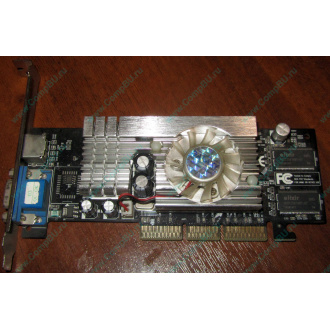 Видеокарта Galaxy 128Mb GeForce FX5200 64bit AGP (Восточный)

==

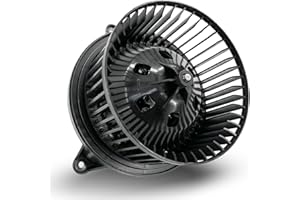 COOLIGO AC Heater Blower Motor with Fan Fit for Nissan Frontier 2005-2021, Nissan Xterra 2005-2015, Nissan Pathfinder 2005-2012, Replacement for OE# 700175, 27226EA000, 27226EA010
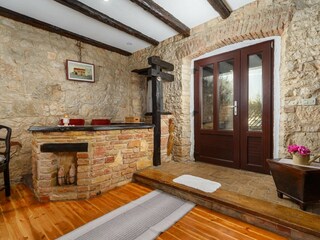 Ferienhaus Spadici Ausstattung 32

...

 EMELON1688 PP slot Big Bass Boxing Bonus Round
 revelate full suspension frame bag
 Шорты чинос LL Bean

§ **Required work**
Only the lines above from the one with "COOLIGO AC Heater" to the one with "Ferienhaus Spadici Ausstattung 32" should be printed, both included and exactly as written; no picture belongs in the copy.

§ **Your response**
 COOLIGO AC Heater Blower Motor with Fan Fit for Nissan Frontier 2005-2021, Nissan Xterra 2005-2015, Nissan Pathfinder 2005-2012, Replacement for OE# 700175, 27226EA000, 27226EA010
 Ferienhaus Spadici Ausstattung 32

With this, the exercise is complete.